The Phantom Time Hypothesis suggests that the early Middle Ages (614-911 A.D.) never happened, but were added to the calendar long ago either by accident, by misinterpretation of documents, or by deliberate falsification by calendar conspirators. This would mean that all artifacts ascribed to those three centuries belong to other periods, and that all events thought to have occurred during that same period occurred at other times, or are outright fabrications. For instance, a man named Heribert Illig (pictured), one of the leading proponents of the theory, believes that Charlemagne was a fictional character. But what evidence is this outlandish theory based upon?

It seems that historians are plagued by a plethora of falsified documents from the Middle Ages, and such was the subject of an archaeological conference in München, Germany in 1986. In his lecture there, Horst Fuhrmann, president of the Monumenta Germaniae Historica, described how some documents forged by the Roman Catholic Church during the Middle Ages were created hundreds of years before their "great moments" arrived, after which they were embraced by medieval society. This implied that whomever produced the forgeries must have very skillfully anticipated the future… or there was some discrepancy in calculating dates.

This was reportedly the first bit of evidence that roused Illig's curiosity… he wondered why the church would have forged documents hundreds of years before they would become useful. So he and his group examined other fakes from preceding centuries, and they "divined chronological distortions." This led them to investigate the origin of the Gregorian calendar, which raised even more inconsistency.

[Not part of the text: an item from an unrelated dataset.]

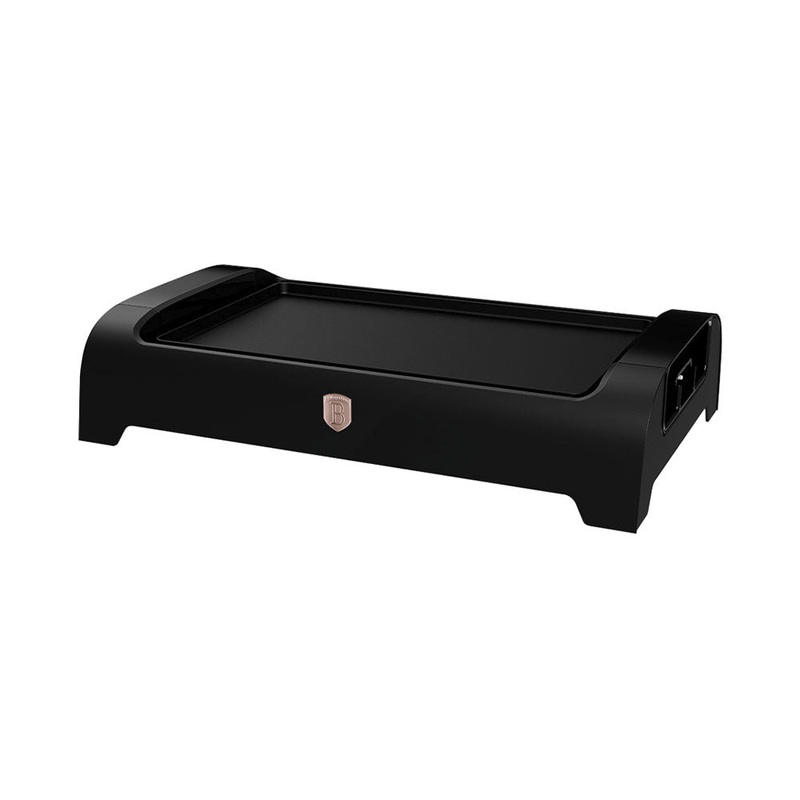 Berlinger Haus Tischgrill Haus elektrisch 1500W Black Rose Collection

In 1582, the Gregorian calendar we still use today was introduced by Pope Gregory XIII to replace the outdated Julian calendar which had been implemented in 45 BC. The Gregorian calendar was designed to correct for a ten-day discrepancy caused by the fact that the Julian year was 10.8 minutes too long. But by Heribert Illig's math, the 1,627 years which had passed since the Julian calendar started should have accrued a thirteen-day discrepancy… a ten-day error would have only taken 1,257 years.

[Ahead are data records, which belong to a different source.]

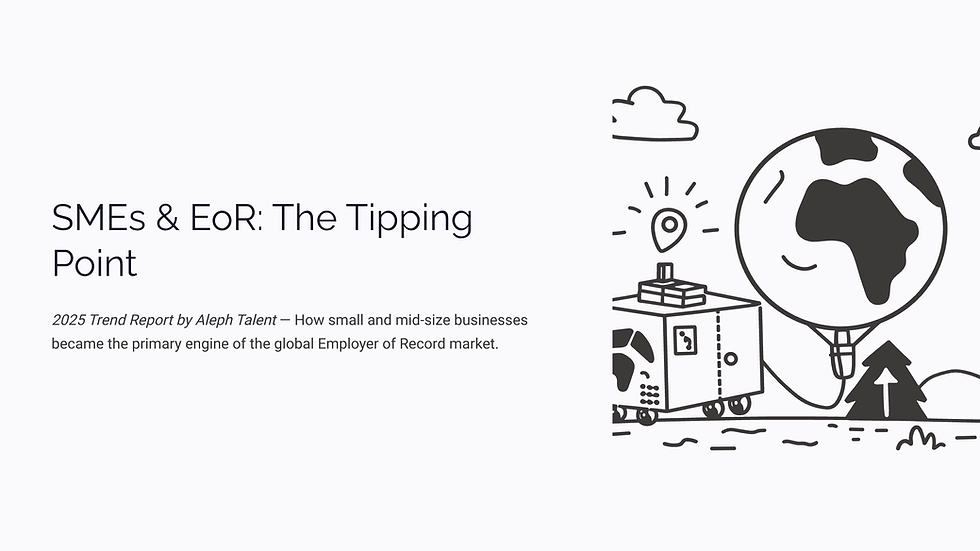 Why SMEs Are the Fastest-Growing EoR AdoptersSmall and mid-size businesses are winning the global talent war — not with bigger budgets, but smarter infrastructure.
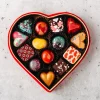 The Chocolate Season 14 Piece Velvet Heart Box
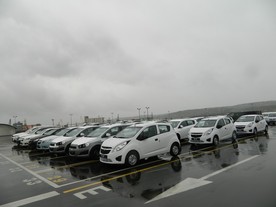 Chevrolety v přístavu Koper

So Illig and his group went hunting for other gaps in history, and found a few… for example, a gap of building in Constantinople (558 AD - 908 AD) and a gap in the doctrine of faith, especially the gap in the evolution of theory and meaning of purgatory (600 AD until ca. 1100). From all of this data, they have become convinced that at some time, the calendar year was increased by 297 years without the corresponding passage of time.

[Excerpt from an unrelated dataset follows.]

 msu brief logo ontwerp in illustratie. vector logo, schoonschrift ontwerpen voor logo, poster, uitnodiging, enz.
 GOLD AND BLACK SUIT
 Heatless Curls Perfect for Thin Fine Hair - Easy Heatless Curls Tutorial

Sometimes a hypothesis which challenges convention can be alluring, particularly when it seems to fit most of the facts… but as Carl Sagan used to say, extraordinary claims require extraordinary evidence. It seems to me that all of the evidence provided by Illig and his group is circumstantial, and their conclusions misguided. The hypothesis does raise some interesting questions and point out some inconsistencies in history, but to jump to such an outlandish conclusion indicates an unscientific approach to the problem.

Not only that, but their suggestions for the possible motives behind the calendar-changing conspiracy border on ridiculous. For instance, the first hypothesis they put forward is that Otto III modified the calendar in order to reign in the year 1000 AD, because this suited his understanding of Christian milleniarism.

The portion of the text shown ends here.